Postage up; lines are long
The U.S. Postal Service has upped the ante for postage. And at the Yuba City Post Office, long lines Monday upped the time spent waiting for the new stamps.
First class postage was increased from 37 cents to 39 cents beginning Sunday. Customers faced long lines Monday to get the stamps at the Plumas Street office.
Just before noon, the line had grown to 27 people in Yuba City, including some who were waiting for stamps. A machine that dispensed 2-cent stamps was out of service Monday morning and also had no 39 cent stamps stocked in it - despite a poster in the post office's entryway touting the self-service availability of the new stamps.
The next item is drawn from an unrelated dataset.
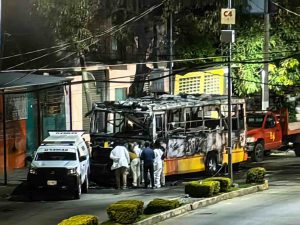 Queman urbano y dos taxis con seis cuerpos en su interior; matan a un motociclista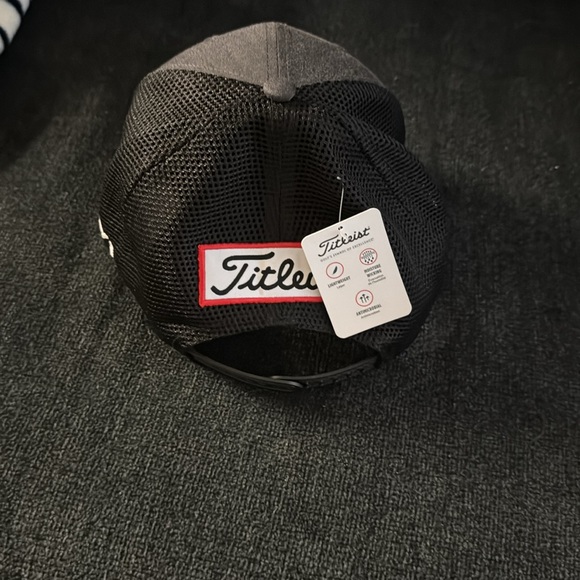 Titleist hat - Picture 2 of 3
Though the poster said, “No Waiting!,” Kathy Stapleton of Yuba City left without buying 2-cent stamps to add to her old 37-cent stamps because the machine was not working, and she did not want to wait in the long line.
“I walked in the door, and there was a line like it was Christmas,” Stapleton said.
She planned to try the Mailbox Plus store.
“It's just absurd,” Stapleton said.
Another customer, who would not give her name, said she tried to buy stamps at a supermarket, but they did not have the new ones. She ended up waiting in line at the Yuba City Post Office.
Gus Ruiz, spokesman for the Sacramento postal district, said Monday afternoon that problems with Yuba City's machines were fixed. Ruiz said the machine may have run out of stamps, though there were no empty dispensers visible Monday morning.
Ruiz said long lines were unusual, a one-day anomaly caused by demand for new stamps.
“That's uncommon, but it's kind of what we're facing today,” Ruiz said.
An Appeal-Democrat reporter queued up Monday morning when lines stretched more than 20 people at
the Yuba City Post Office and found that buying proper postage required a 14-minute wait.
Yuba City Postmaster John Batch could not be reached for comment regarding the lines.
At Marysville, the automated machine was working but was sold out of 2-cent and 37-cent stamps. It did have 39-cent stamps for sale.
The lines at Marysville appeared to be shorter - 11 people at 12:40 p.m. Monday and seven people earlier that morning.
Marysville Postmaster Christopher Tracey could not be reached for comment.